# Task:
Pictures do not belong in your copy. Repeat all the other data exactly.

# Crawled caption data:
__________________________________________________
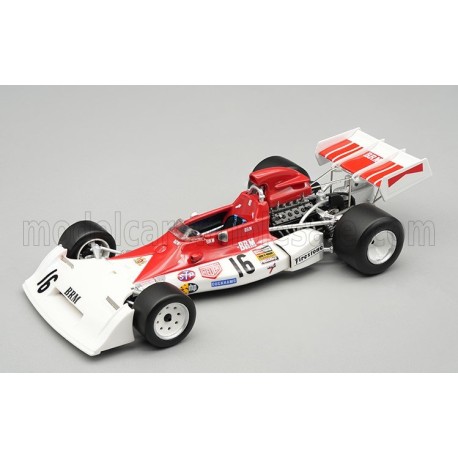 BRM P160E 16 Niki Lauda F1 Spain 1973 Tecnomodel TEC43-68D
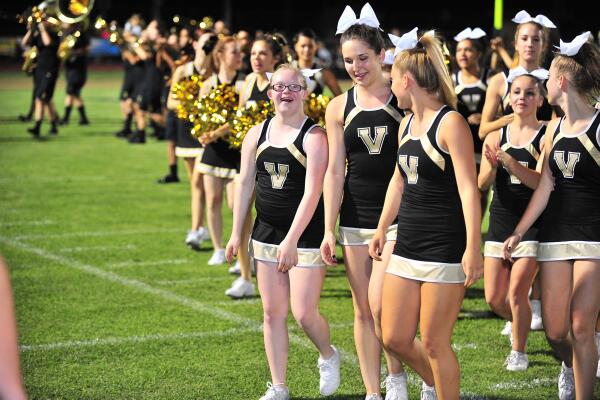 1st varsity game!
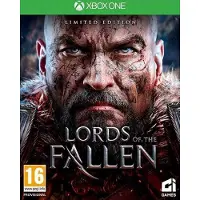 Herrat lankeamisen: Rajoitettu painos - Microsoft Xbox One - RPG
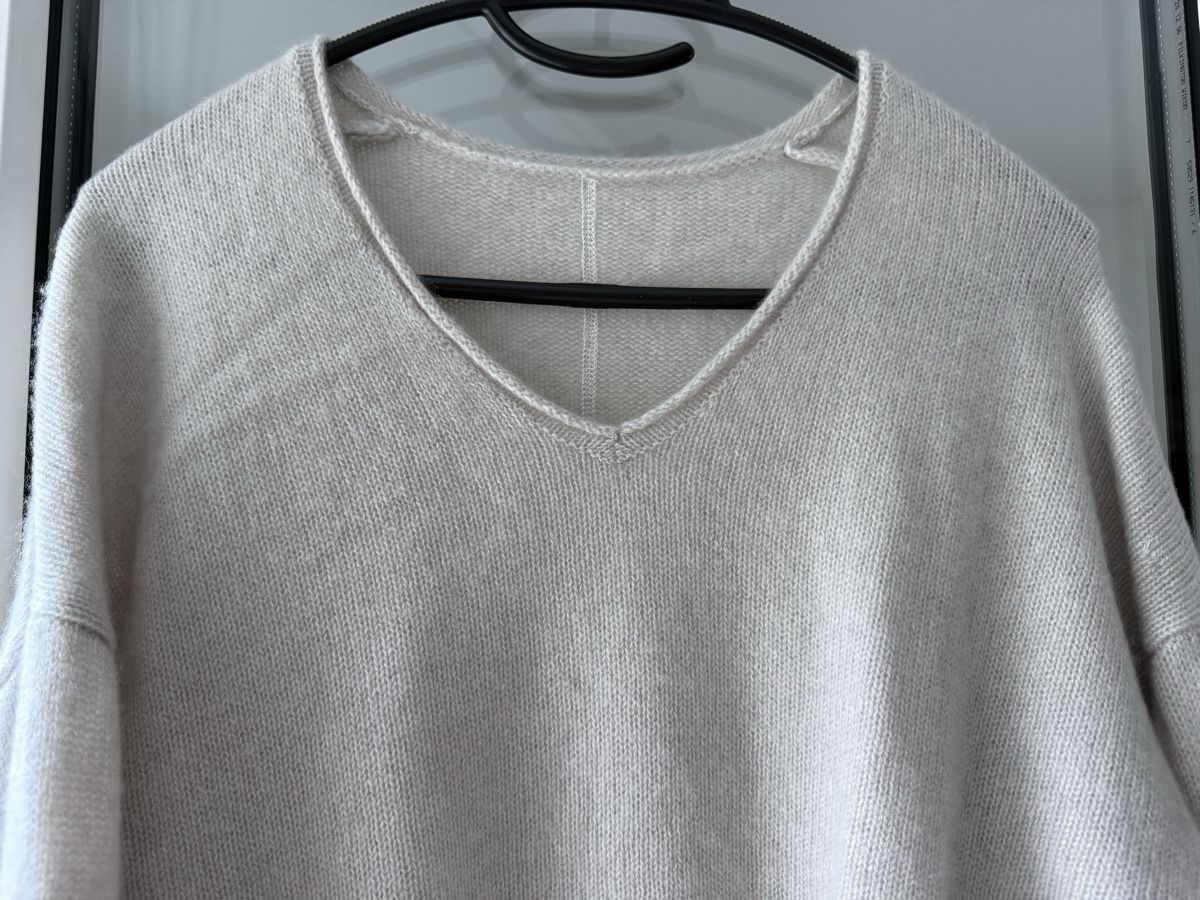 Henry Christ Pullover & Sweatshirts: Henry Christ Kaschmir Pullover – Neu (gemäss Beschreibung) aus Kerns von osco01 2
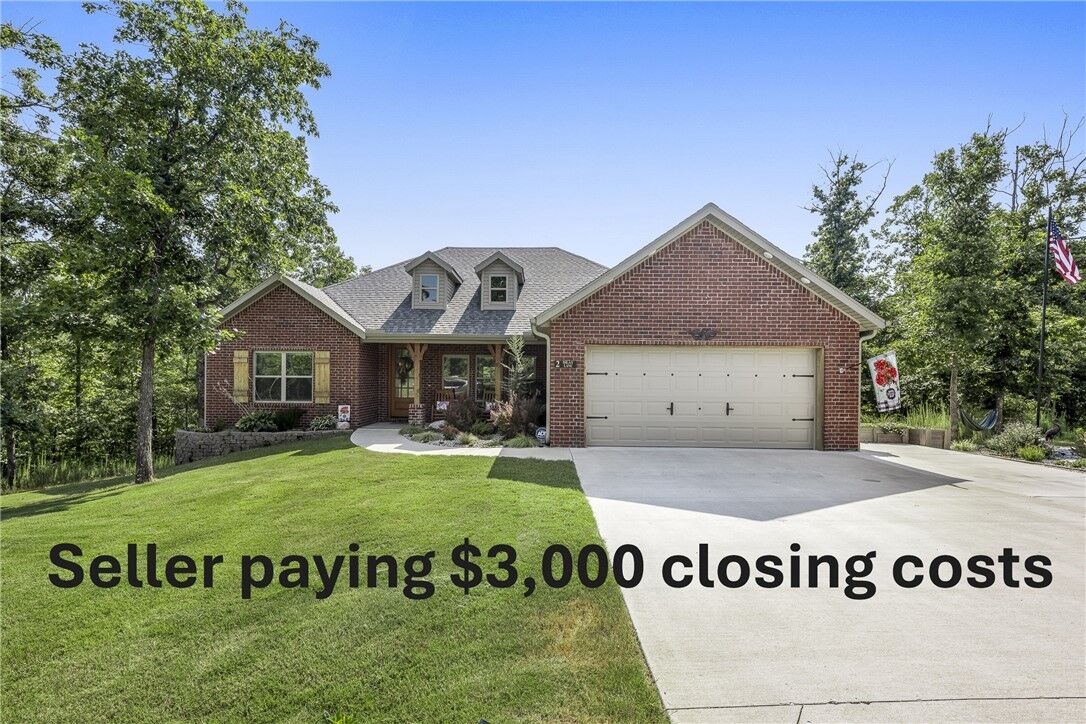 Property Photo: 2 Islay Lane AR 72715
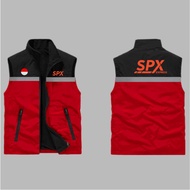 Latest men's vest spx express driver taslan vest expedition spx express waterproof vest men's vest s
__________________________________________________
# Task response:
 BRM P160E 16 Niki Lauda F1 Spain 1973 Tecnomodel TEC43-68D
 1st varsity game!
 Herrat lankeamisen: Rajoitettu painos - Microsoft Xbox One - RPG
 Henry Christ Pullover & Sweatshirts: Henry Christ Kaschmir Pullover – Neu (gemäss Beschreibung) aus Kerns von osco01 2
 Property Photo: 2 Islay Lane AR 72715
 Latest men's vest spx express driver taslan vest expedition spx express waterproof vest men's vest s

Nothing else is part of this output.